Mr Nyrén underlines how Sweden’s approach grew out of a history of concentrated ownership, first from banks and now holding companies.

Mr Ekholm says requiring shareholders who have investments in hundreds or thousands of companies to vote on all their holdings could be counter-productive. Often those investors rely on the advice of proxy advisory companies to tell them how to vote, a situation Mr Ekholm compares to that of credit rating agencies. “Has that made the shareholder base more long-term, business friendly and sure to drive the development of the companies? No.”

Both men argue that the limited time horizons of the typical UK or US investor mean it would be difficult to emulate the Swedish approach. “That’s why you can’t copycat the Swedish system and put it in London,” says Mr Ekholm. Mr Nyrén adds: “And you cannot copycat London and put it here.”
. . .
Under proposals being floated by Brussels, long-term shareholders in EU companies could be given enhanced voting rights and higher dividends. But the proposals are controversial in countries such as the UK and Germany with Hermes, the London-based activist investor, warning in a previous consultation: “A too cosy relationship between the company and its long-term shareholders often translates into a too close relationship between the company and its dominant shareholders, to the detriment of the interests of smaller ones.”

Equally, both CEOs are aware of how fashion waxes and wanes with the Swedish model, which was highly unpopular before enjoying its moment of fame. Its time in the spotlight does not mean the system is perfect.
Mr Gardell, for all his praise, is vehement in his criticism of A shares, which can give holding companies up to 100 times more voting rights per share than a B stockholder. “The advantage could be that they could develop these companies long-term. The disadvantage is that, philosophically and fundamentally, control should be protected by competence not by preference voting rights. You should always be able to challenge incompetence,” he says.

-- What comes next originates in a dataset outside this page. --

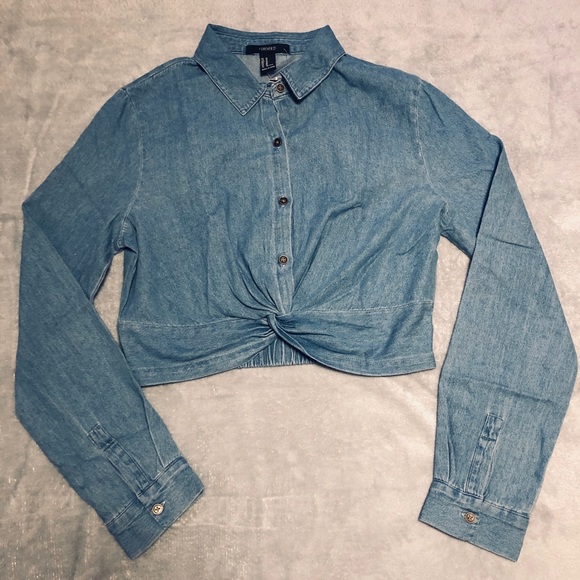 Light Blue Button-Up Twist Front Crop shirt - Picture 3 of 4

One example he points to is SCA, an Industrivärden holding with separate forestry and personal care businesses. “They should have undertaken the restructuring and separation of the paper business from the hygiene business 10 years ago. They were able to postpone it because people weren’t able to challenge it,” he argues.

Mr Nyrén is having none of it. “I was visited a lot in the early 2000s by a number of hedge funds in London that told me that we were so stupid not breaking SCA apart. The same guys are sitting in the office now saying: ‘Thank you for being so smart’.”.

Critics also point to the discount the holding companies trade at – typically 10-40 per cent lower than the value of their stakes – as evidence that their approach is far from ideal. But Mr Ekholm says the discount is less important over long periods of time as it tends to be fairly stable.

They both argue that the Swedish model allows them and their companies to emphasise the long-term rather than pushing for short-term measures such as a break-up or a special dividend.

Mr Ekholm says: “If you’re going to build a strong company, it’s about focusing on what are the right long-term decisions, and actually the Swedish model gives you that ability.”